[PATCH 01/39] ocfs2: POSIX file locks support
From: Mark Fasheh
Date: Wed Sep 24 2008 - 18:01:17 EST
This is actually pretty easy since fs/dlm already handles the bulk of the
work. The Ocfs2 userspace cluster stack module already uses fs/dlm as the
underlying lock manager, so I only had to add the right calls.
Cluster-aware POSIX locks ("plocks") can be turned off by the same means at
UNIX locks - mount with 'noflocks', or create a local-only Ocfs2 volume.
Internally, the file system uses two sets of file_operations, depending on
whether cluster aware plocks is required. This turns out to be easier than
implementing local-only versions of ->lock.

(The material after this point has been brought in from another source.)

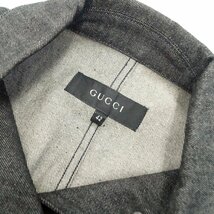 中古 グッチ GUCCI デニム ジャケット 42 シェリーライン ブルゾン Gジャン 黒_画像7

Signed-off-by: Mark Fasheh <mfasheh@xxxxxxxx>
---
fs/ocfs2/file.c | 51 +++++++++++++++++++++++++++++++++++++++++++++++++
fs/ocfs2/file.h | 2 +
fs/ocfs2/inode.c | 15 ++++++++++++-
fs/ocfs2/locks.c | 15 ++++++++++++++
fs/ocfs2/locks.h | 1 +
fs/ocfs2/stack_user.c | 33 +++++++++++++++++++++++++++++++
fs/ocfs2/stackglue.c | 20 +++++++++++++++++++
fs/ocfs2/stackglue.h | 19 ++++++++++++++++++
8 files changed, 154 insertions(+), 2 deletions(-)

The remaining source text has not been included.